Fun Fact: The legend of the Sphinx says that when Napoleon came to Egypt, he blew off the Sphinx's nose with a cannon to "add insult to injury." Alas, it isn't true. In fact, nobody knows for certain what became of the Sphinx's nose. But they know it wasn't Napoleon because there are drawings published of the nose-less Sphinx that predate Napoleon's campaign by sixty years. More credible legends say that the nose was knocked off on purpose in the 16th century. Isn't it fun to know things?
I recently read "Redeeming Love" which is a Historical Romance (with emphasis on the romance) by one of the most prominent Christian fiction writers in the world. Francine Rivers is a good writer and the romance was not formula at all. But the devil was in the details.
The foods she had them eating showed her ignorance of frontier life as well as cooking and baking. (Did you know that jackrabbits are inedible? Their flavor is said to be too foul to consider consuming unless starvation is the alternative. I've had regular cotton tail sorts of rabbit many times and they are tasty, if a bit greasy.)

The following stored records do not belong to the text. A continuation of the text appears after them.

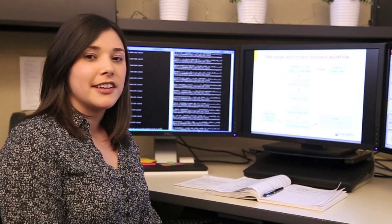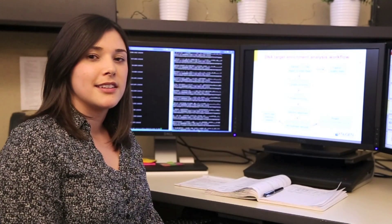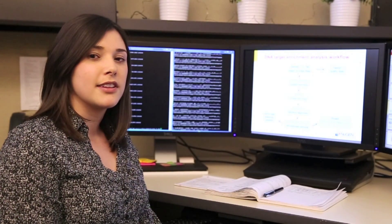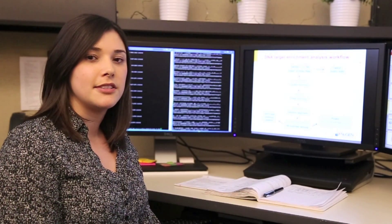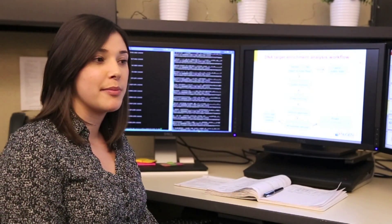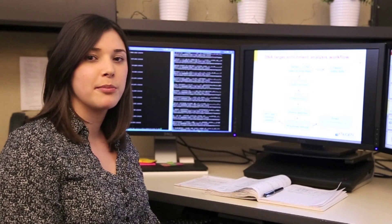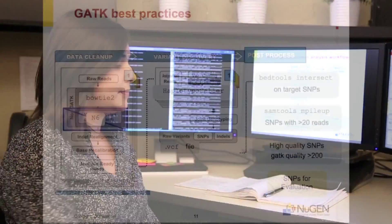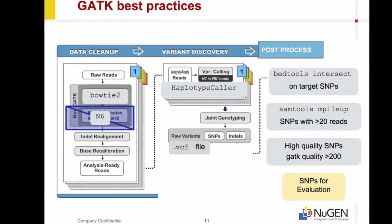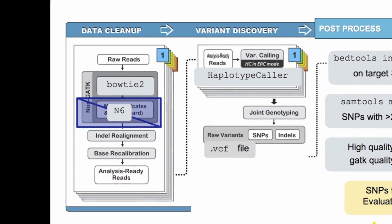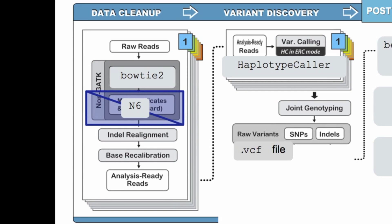The BAM file generated from the N6 duplicate marking tool can also be fed into the GATK best practices pipeline to get variant calls. After our Bowtie2 alignment, we use our N6 duplicate marking tool, so we skip the mark duplicates step in the best practices procedure.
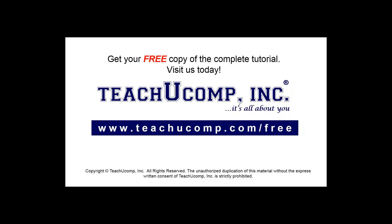Get your free copy of the complete tutorial at www.teachucomp.com/free.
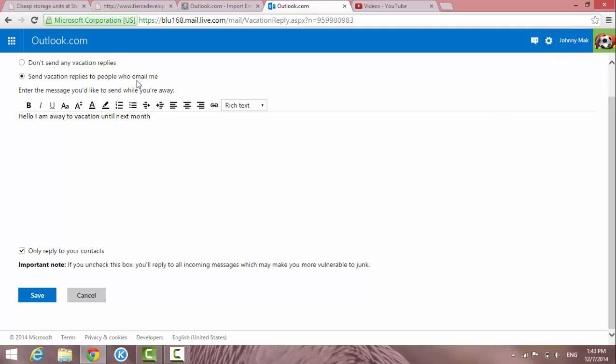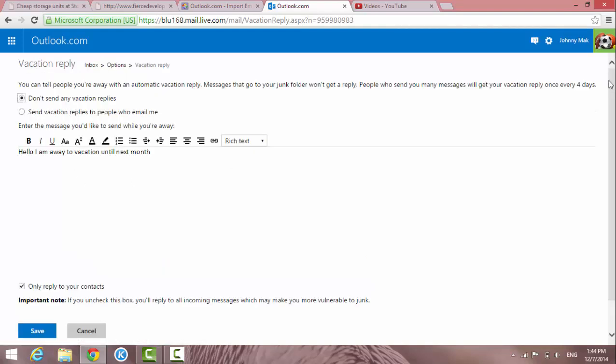And then they will get this message and then they know that you are on vacation or you are out of office, whatever. So when you are back, you can always come back here and then disable it and then choose back to don't send any vacation reply. And then you are set.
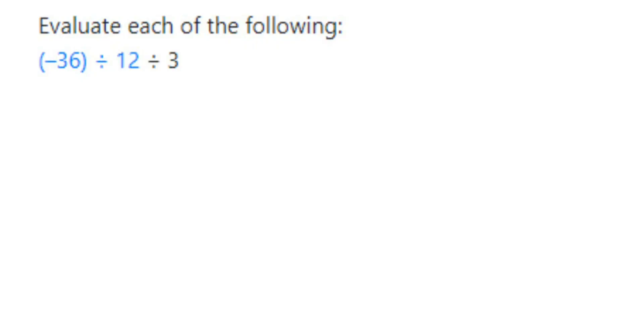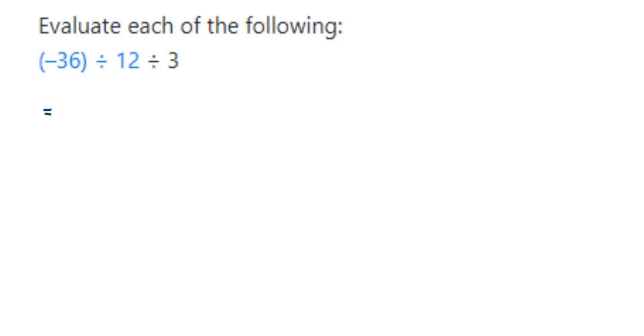Hello everyone, here is a question. The question is evaluate each of the following. We have one question here: minus 36 divided by 12 divided by 3. Now this is really important, a lot of divisions are there.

She had them eating foods in the same meal that are not in season at the same time, nor do they grow in that area. She listed flowers blooming in a meadow that don't have the same bloom seasons or climate requirements. The characters were also two-dimensional (two of the characters were excusable because they are based on a Bible story.)
Nevertheless, with all those weaknesses, I still enjoyed it. (I rarely read anything classified as "romance" but this was recommended by my daughter-in-law and so I wanted to know her taste better.) I cried my eyes out during the whole last quarter of the story!
(Treasure of the House of Levi has plenty of romance, but the structure of the plot makes it so it would not be classified as romance.)
I have heard writers say that their imagination is enough. Is it? Maybe my years writing for the newspapers made me overly cautious, but if you're bluffing, someone, somewhere is going to know. I mis-stated the weight of an air craft carrier in an Americana column and the next day, someone 1200 miles away sent me a nasty-gram for the mistake. Readers are everywhere in the world. I was once contacted from a man who had his dad's journal from the battle of Market Garden in WW2. (He lived in The Netherlands and read my column about WW2 glider pilots.) Another man contacted me after I wrote about Pearl Harbor Day offering me a chance to interview one of the last remaining survivors of the Pearl Harbor sinking of the Arizona. Another man shared his ancestor's story of being enslaved to give tours in Mammoth cave.
So I don't bluff. It's not hard to find out what kind of flowers bloom at that place and season. There are lots of cookbooks from frontier times (or any ethnic variety or time period) There are people who know the answers to the questions the writer should be asking and they're not usually too hard to find.
My relentless policy is that I don't write about places I've never been. I find out what foods, treats, customs, landscape, vehicles, family structures, and buildings would have been in the place and time. There's nothing like smelling the roasting corn in Istanbul while walking a rainy, cobbled street or counting the cats in the twisting byways of Athens to give you an understanding of what the place is truly like. Here's another little fun fact/photo:
Here's a piece of ancient Papyrus. It's made by peeling the outer skin from the reed and rolling the gluey interior flat. Those flat strips are woven into a mat and the natural glue from the plant welds it into a paper-linen like sheet when it's dry. The writing on this piece is ancient Egyptian. I took the photo in the Cairo Museum.